:: RECORDS FOR THIS TASK ::
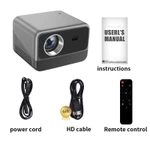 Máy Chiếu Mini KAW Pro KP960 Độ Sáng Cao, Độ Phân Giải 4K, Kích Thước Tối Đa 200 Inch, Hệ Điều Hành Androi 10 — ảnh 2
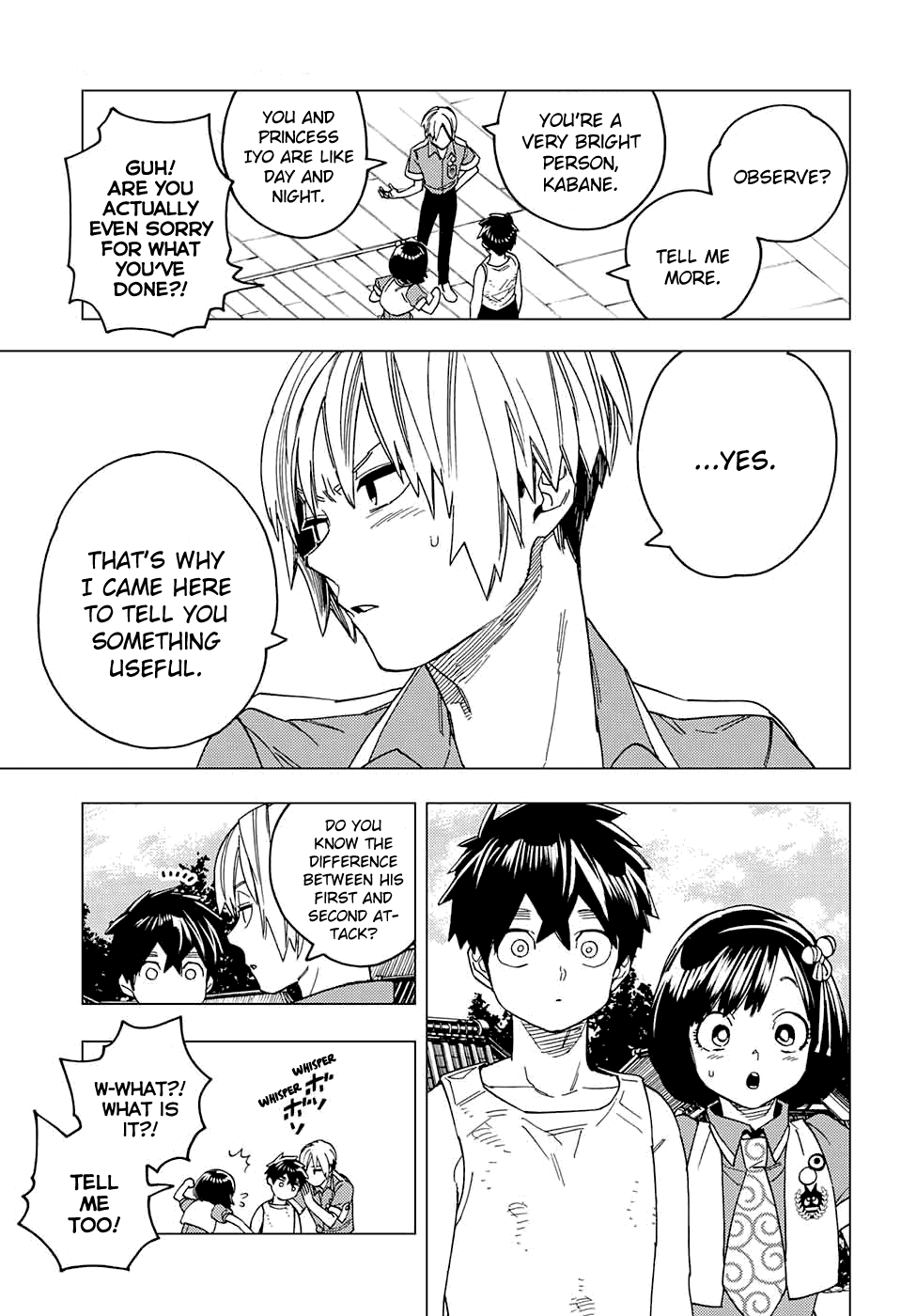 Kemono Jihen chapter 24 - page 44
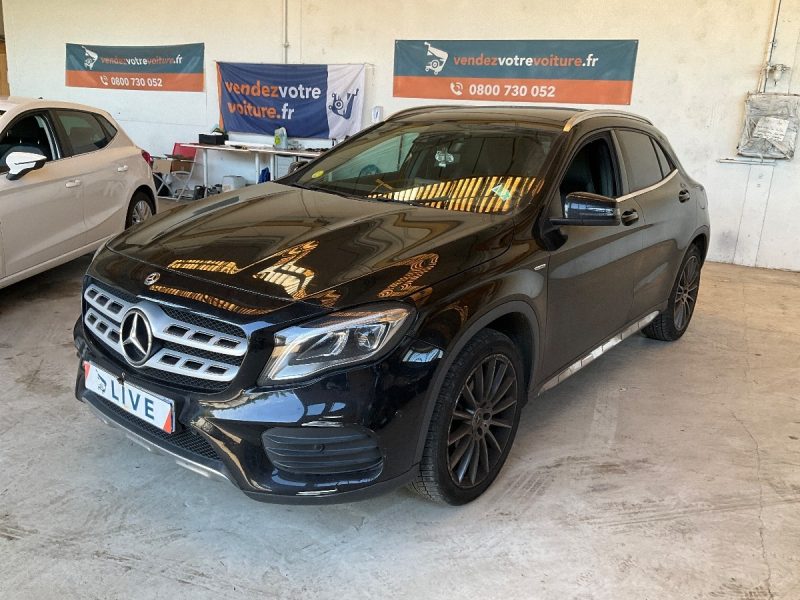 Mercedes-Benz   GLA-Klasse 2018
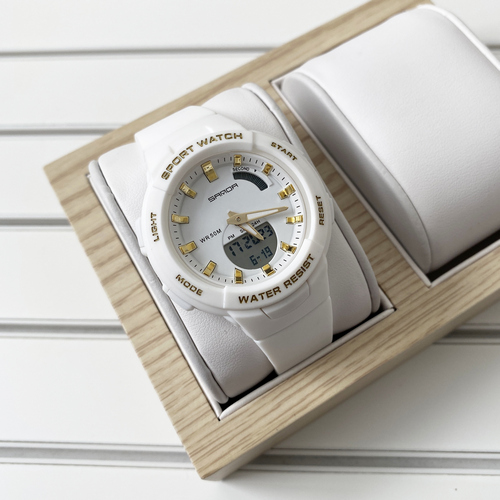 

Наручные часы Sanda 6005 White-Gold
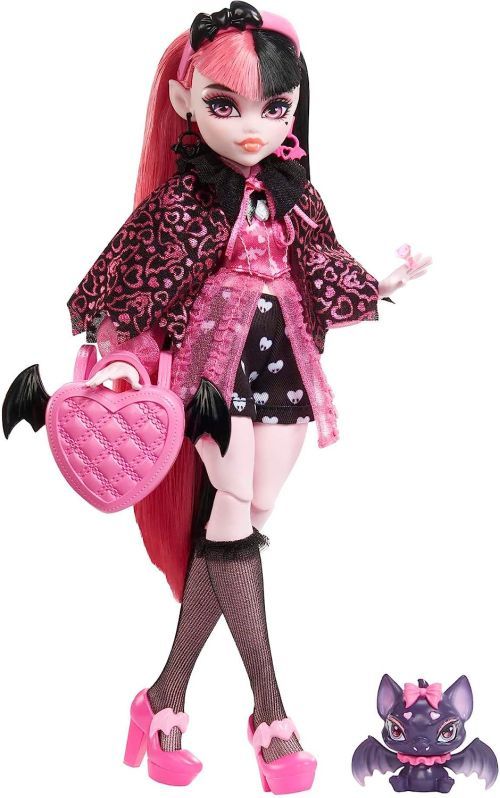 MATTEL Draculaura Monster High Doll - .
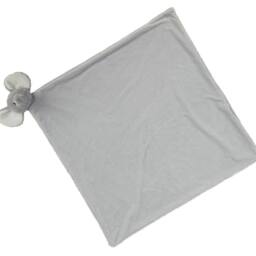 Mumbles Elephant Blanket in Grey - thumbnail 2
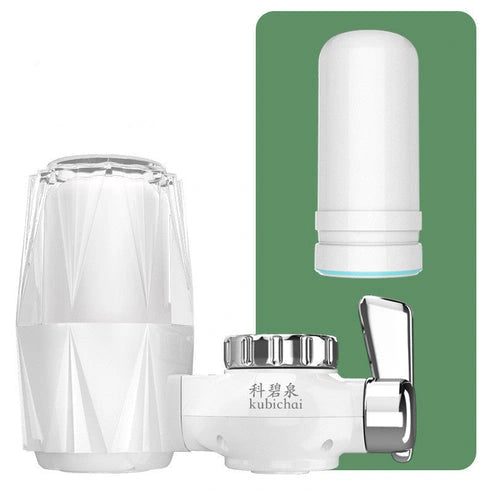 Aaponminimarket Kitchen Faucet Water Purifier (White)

--

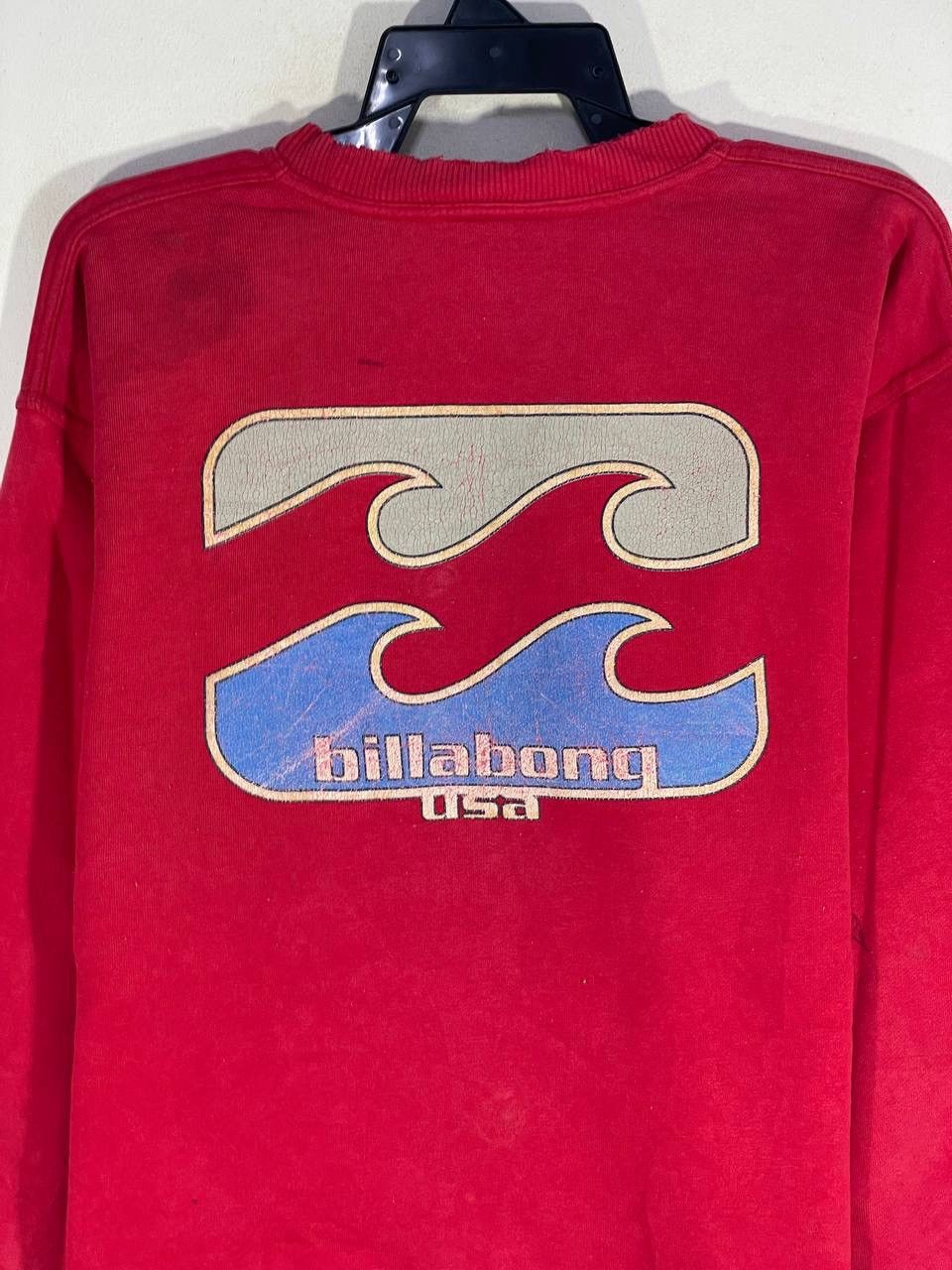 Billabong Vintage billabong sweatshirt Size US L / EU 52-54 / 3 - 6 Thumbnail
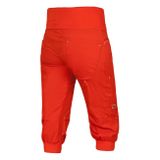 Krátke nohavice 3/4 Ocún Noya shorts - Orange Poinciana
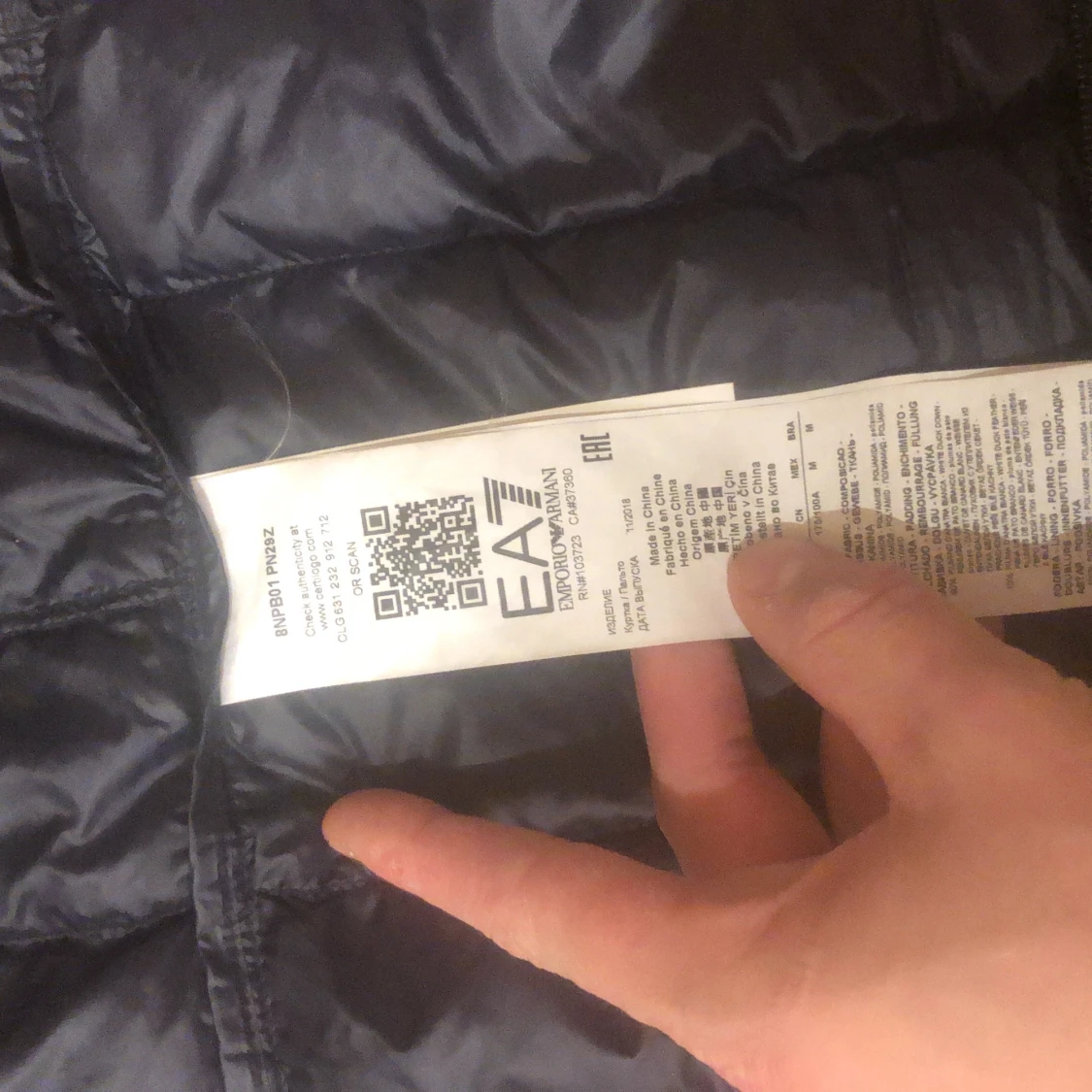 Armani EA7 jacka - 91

---

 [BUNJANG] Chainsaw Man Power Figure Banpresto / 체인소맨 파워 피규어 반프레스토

:: TASK BRIEF ::
Reproduce the lines above beginning at the line that contains "Mumbles Elephant Blanket" and ending at the line that contains "Aaponminimarket Kitchen Faucet". No pictures.

:: PROBLEM SOLUTION ::
 Mumbles Elephant Blanket in Grey - thumbnail 2
 Aaponminimarket Kitchen Faucet Water Purifier (White)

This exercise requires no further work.